TP: Last weekend at Stanford, they had, like, the most prestigious scientific UFO symposium ever. I know you heard about it — it was this nonprofit called the Sol Foundation and the auditorium was packed with 300 people and all the heavy hitters in the research field were there. Even Avi. Even the former Inspector General of the Intelligence Community was there. Since you’re the nation’s leading UFO expert but you weren’t invited, what’s it like to get snubbed and humiliated that way? Do you ever feel like Quasimodo? By the way, do you follow Steven Greer? You should, you’re both doctors, so he might be able to get you a discount on some Ambassador to the Universe training. Also, thanks for letting us know you’re planning to finish the first installment of UFO history before you leave AARO in December, and I hope you plan to include something about Kenneth Arnold and Allen Hynek — nobody’s ever heard of them before. And oh, one last thing, I promise: E.T. and Yoda, mano a mano, cage match — who’s your money on . . .?
Billy, great article.
Bottom line: Keep Pentagon and the U.S. Intelligence Community away from official UFO research/investigation.

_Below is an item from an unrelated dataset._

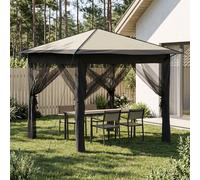 vidaXL Gazebo con 4 Pareti 2,6 x 2,6 m Crema e Antracite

In all seriousness, the current legislation battle going on in the HOR may be crucial to making further steps in the right direction towards getting public awareness of the phenomenon. I am already seeing so many distractions to the topic that undermine the seriousness of the subject. Based on the Joe Rogan interview with David Grusch you would think that that platform would be really informative but unfortunately there seem to be very powerful defense contractor aligned political forces in Congress that may change the current direction of 'Disclosure'. IMO the more time these contractors have of 'hands off' this subject the more that whatever power is derived from their research on the craft or materials recovered becomes the domain of corporations and not the public. This is why 'Disclosure' is so important. It does have national security implications but not to the detriment to the public those institutions serve and are publically paid for. The 'oversight' question is one that Congress should be held accountable for, before it is too late (maybe it already is?).